The sweeping reinterpretation of how federal securities laws apply to crypto assets was announced on 17 Mar at the DC Blockchain Summit by Chairman Paul Atkins. Speaking at the event, Atkins introduced a "token taxonomy" that places digital assets into distinct categories, concluding that digital commodities, collectibles, tools and certain payment stablecoins do not fall under the SEC's jurisdiction.
Under the new guidance, only a narrow category of tokenized versions of traditional financial instruments, labeled "digital securities," would remain subject to securities laws. Tokens falling outside the SEC's purview would likely be defined as commodities under the Commodity Exchange Act and therefore administered by the Commodity Futures Trading Commission (CFTC), according to an SEC guidance document.
"We're not the securities and everything commission anymore," Atkins said during a speech at the event.
SEC redraws crypto boundaries
The SEC classified a broad set of major tokens as "digital commodities," placing much of the crypto market falls beyond the SEC's jurisdiction and closer to a commodities-based framework.
That category includes assets such as Aptos (APT), Avalanche (AVAX), Bitcoin (BTC), Bitcoin Cash (BCH), Cardano (ADA), Chainlink (LINK), Dogecoin (DOGE), Ether (ETH), Hedera (HBAR), Litecoin (LTC), Polkadot (DOT), Shiba Inu (SHIB), Solana (SOL), Stellar (XLM), Tezos (XTZ) and XRP.
A path out of securities status
The SEC also clarified that a crypto asset may transition out of securities regulation over time.
According to the agency, a token sold as part of an investment contract can later fall outside securities laws once reliance on a central team fades. It also set a higher bar for applying the Howey test by requiring clear, explicit promises. The concept has been a central point of contention between regulators and crypto firms, and by formally recognizing that investment contracts can end, the SEC is introducing a legal pathway for assets to move outside its remit.
"The interpretation in this release does not supersede or replace the Howey test, which is binding legal precedent," it rather reflects the Commission's views "regarding how certain aspects of the Howey test apply to crypto assets and transactions involving crypto assets," the SEC said in the guidance document.
Clarity for staking, airdrops
The long-awaited guidance also addresses several common crypto mechanisms that have previously drawn regulatory scrutiny, including airdrops, staking, mining rewards and token wrapping.
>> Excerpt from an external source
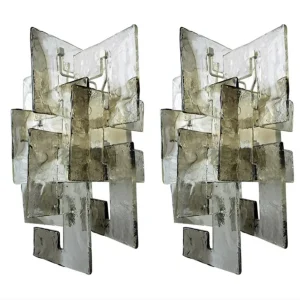 Pair of Murano Glass Sconces by Carlo Nason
While the SEC clarified that these activities do not automatically constitute securities transactions, depending on how they are structured. The agency said market participants should focus on whether specific representations or promises create an expectation of profit based on the efforts of others.
"Only Congress can ensure that regulation in this area is future-proofed through comprehensive market structure legislation," Atkins said, pointing to lawmakers as key to delivering a long-term framework.